As for a scope mounting system:
A good start is a simple section of 2" x 2" mild-steel angle, bolted to the left-hand side of the receiver / body.
The top area is trimmed to a width to ensure ejection clearance. (More on that issue later). Then a "rail" or pads of your choosing are obtained.
The "vertical" part of the angle is set to clear the woodwork and then goes for drilling and counter-sinking. At least THREE, preferably four, holes need to be drilled for the attachment of the "mount" The steel in some of these little beauties is often "tough"; but not glass -hard like a P-14 body. You will need good, SHARP taps and a good cutting fluid. Thread spec is your choice. This may be determined by what sort of grade 6 or better CS cap-screws you can obtain. The truly hard-core will also whack in a couple of high-grade tapered pins to stop the mount "floating" on the screws.
That sounds like a lot of fiddling around on a "cheap" rifle, but it works. One final consideration is the ejection angle. A "shooting buddy" did a similar job and was somewhat distraught at the effect of ejected STEEL cases striking the objective bell of his scope. His solution was to weld an "extension shield" onto the front of the angle-steel mount.

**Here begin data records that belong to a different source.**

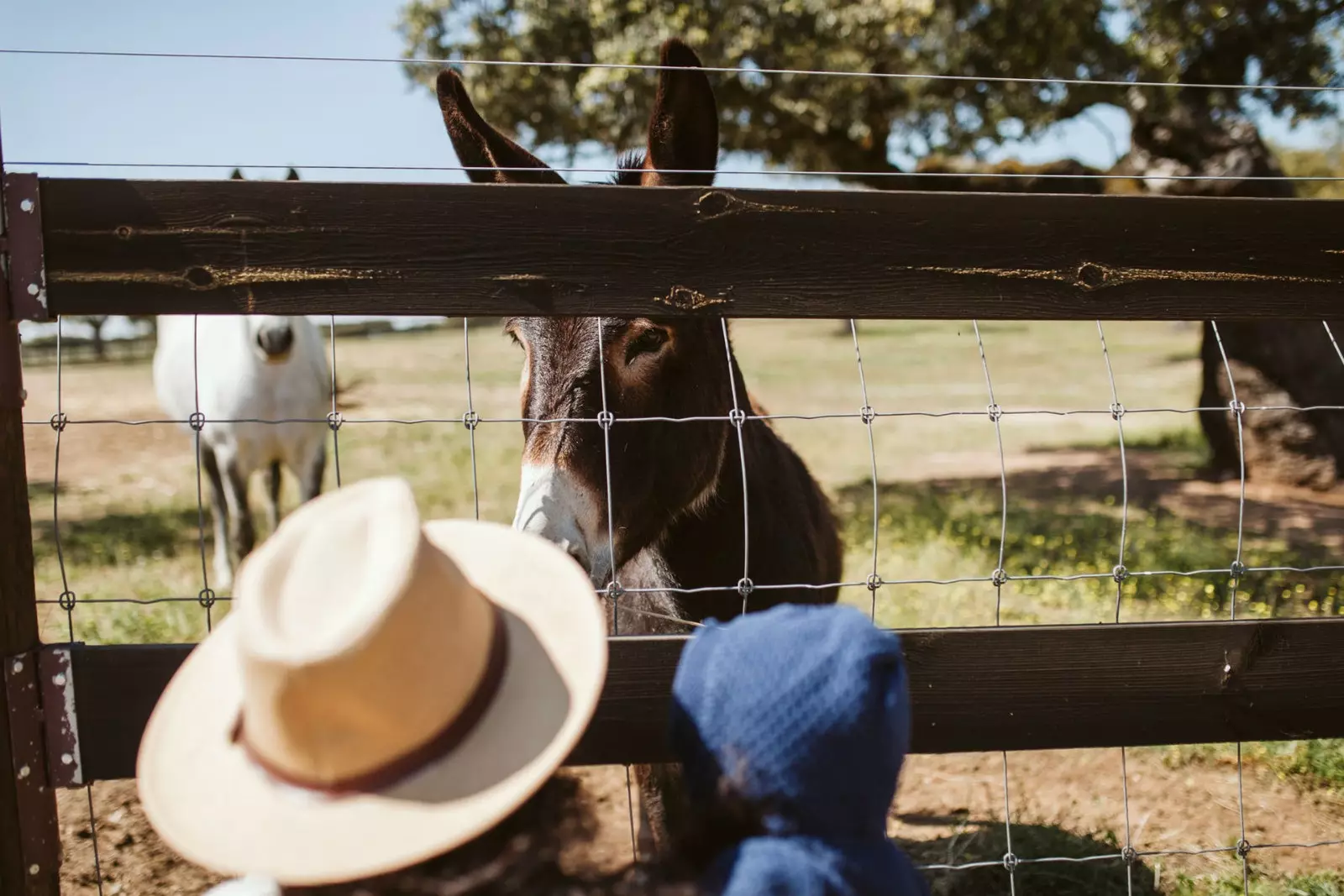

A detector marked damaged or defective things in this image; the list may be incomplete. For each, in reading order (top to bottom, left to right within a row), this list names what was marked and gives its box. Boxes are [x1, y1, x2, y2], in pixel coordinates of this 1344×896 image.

rusty metal hinge [2, 173, 49, 322]
rusty metal hinge [3, 647, 60, 892] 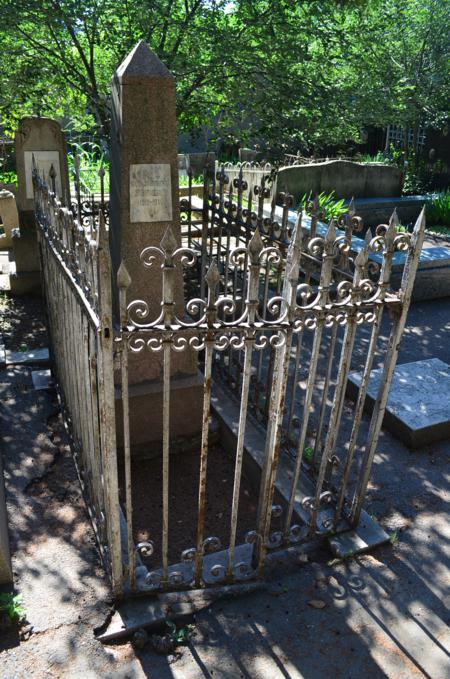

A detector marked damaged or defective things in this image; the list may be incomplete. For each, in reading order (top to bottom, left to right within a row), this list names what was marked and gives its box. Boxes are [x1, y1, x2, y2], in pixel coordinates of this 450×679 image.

rusty metal fence [33, 163, 424, 596] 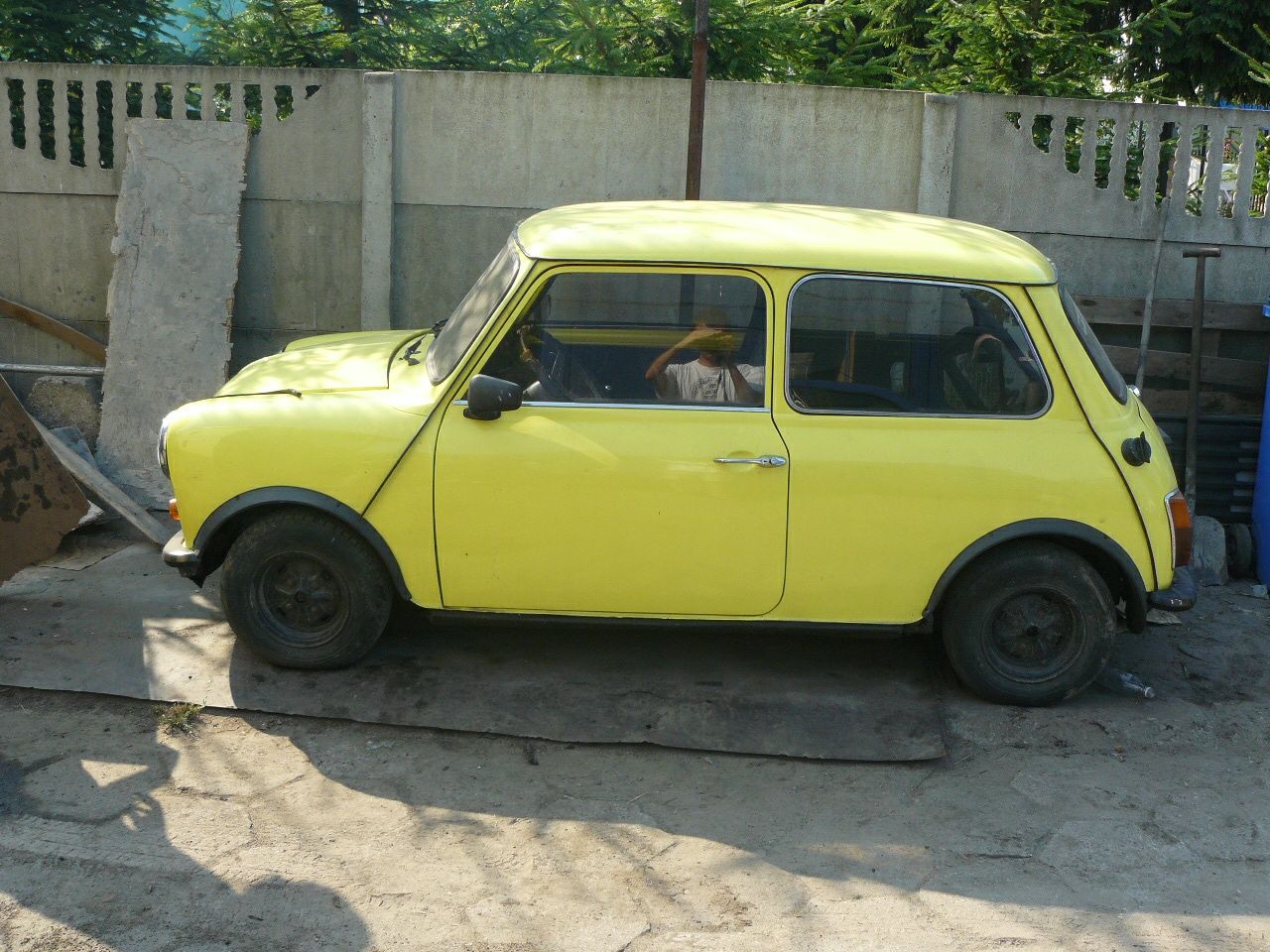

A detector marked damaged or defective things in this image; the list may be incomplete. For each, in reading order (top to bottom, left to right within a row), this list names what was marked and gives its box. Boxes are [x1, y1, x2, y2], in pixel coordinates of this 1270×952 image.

rusty pole [681, 0, 710, 198] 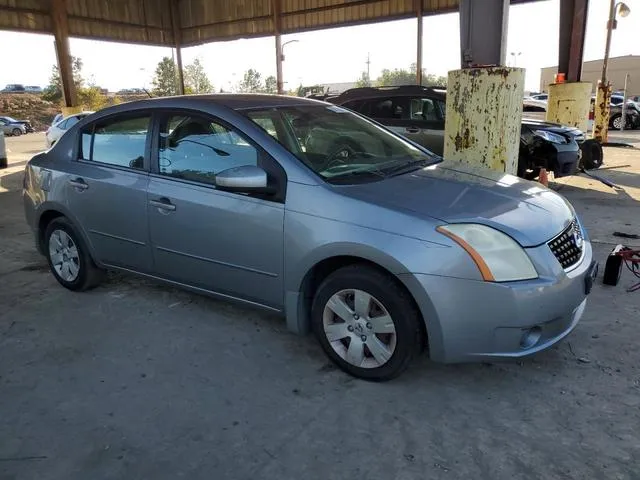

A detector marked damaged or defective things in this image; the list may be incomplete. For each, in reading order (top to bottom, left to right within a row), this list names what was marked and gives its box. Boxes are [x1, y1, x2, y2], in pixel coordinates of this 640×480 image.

rusty metal pillar [50, 0, 77, 108]
rusty metal pillar [444, 0, 524, 172]
rusty metal pillar [544, 0, 592, 131] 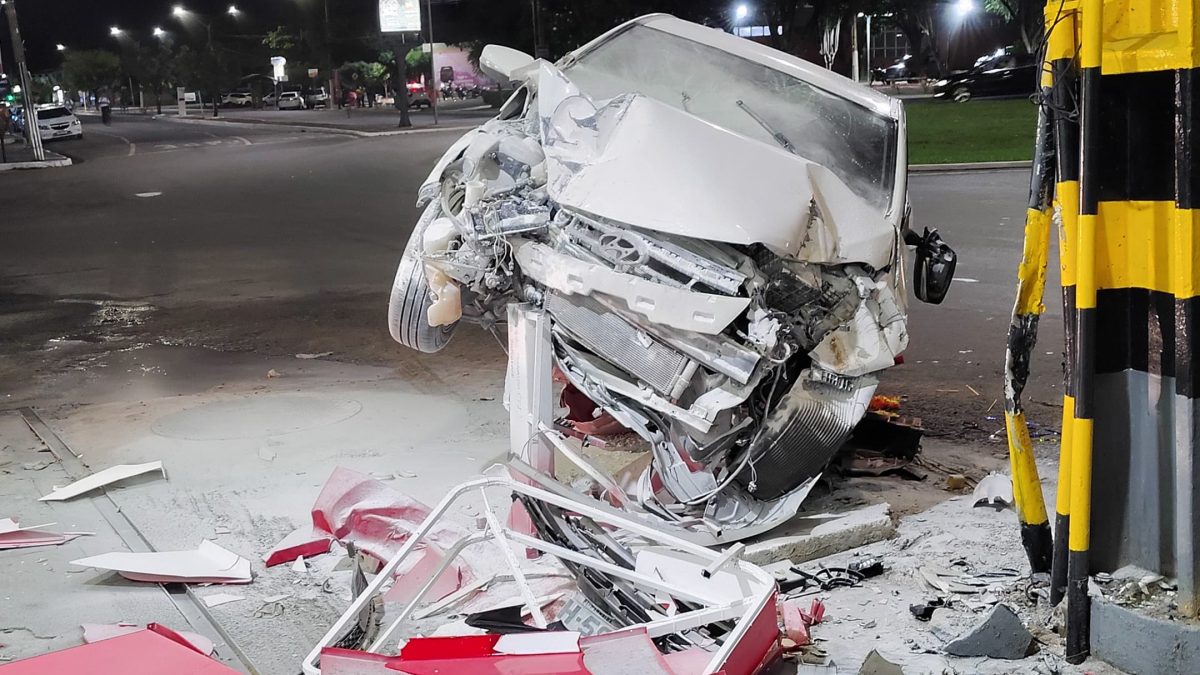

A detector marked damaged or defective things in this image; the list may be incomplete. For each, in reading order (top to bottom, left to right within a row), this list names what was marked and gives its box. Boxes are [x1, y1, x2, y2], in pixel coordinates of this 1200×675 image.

shattered windshield [566, 24, 897, 210]
wrecked white car [388, 15, 950, 538]
broken concrete chunk [859, 648, 902, 672]
broken concrete chunk [940, 598, 1036, 658]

Or, you can skip all of that and just fit one of those very lightweight "red-dot" reflex sight to the standard rear-sight base with a suitable "interface".
If you are bouncing about in the farm 4WD, culling feral pigs, thousands of dollars worth of exotic AR or similar, is just being excessively "Gucci". A 124gn SP from a $400 rig kills them just as dead.
A removable cheek-piece, a la the No4T style, also helps with the ergonomics of the set-up.
Experimental "gun-plumbing", on the cheap.